Quote each line of the material verbatim, without the pictures.

**** Data section

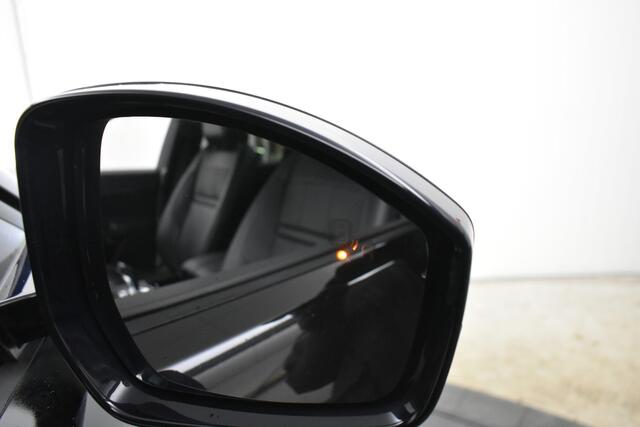 Land Rover RANGE ROVER EVOQUE 1.5 P300e AWD R-Dynamic SE SOH 95% Pano Meridian El-stoel + A-klep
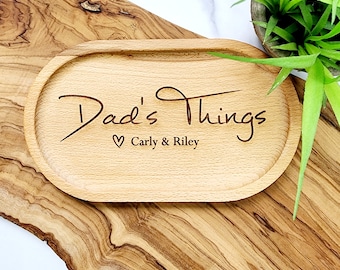 Bandeja de madera personalizada para valet: bandeja multiusos personalizada para papá, organizador de joyas y llaves, regalo para el Día del Padre, mesita de noche o bandeja de escritorio.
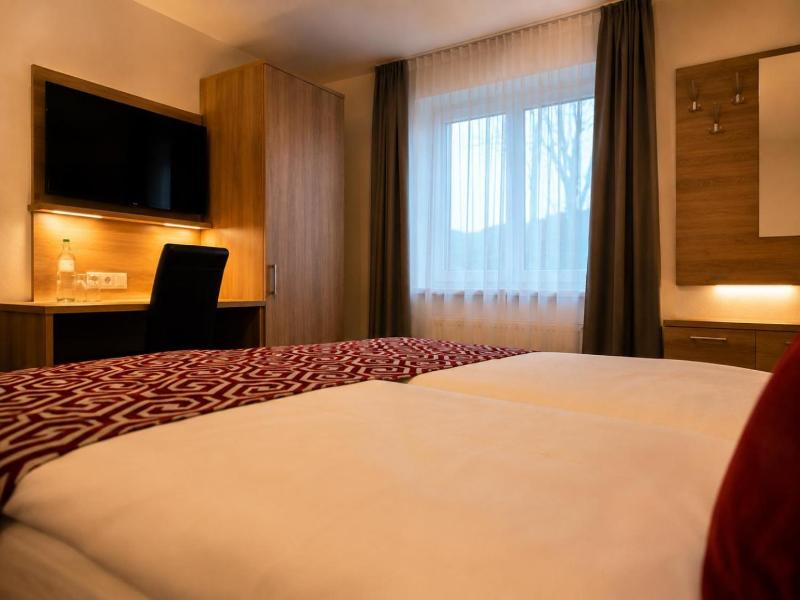 Hotel Mona image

********

● Answer space
 Land Rover RANGE ROVER EVOQUE 1.5 P300e AWD R-Dynamic SE SOH 95% Pano Meridian El-stoel + A-klep
 Bandeja de madera personalizada para valet: bandeja multiusos personalizada para papá, organizador de joyas y llaves, regalo para el Día del Padre, mesita de noche o bandeja de escritorio.
 Hotel Mona image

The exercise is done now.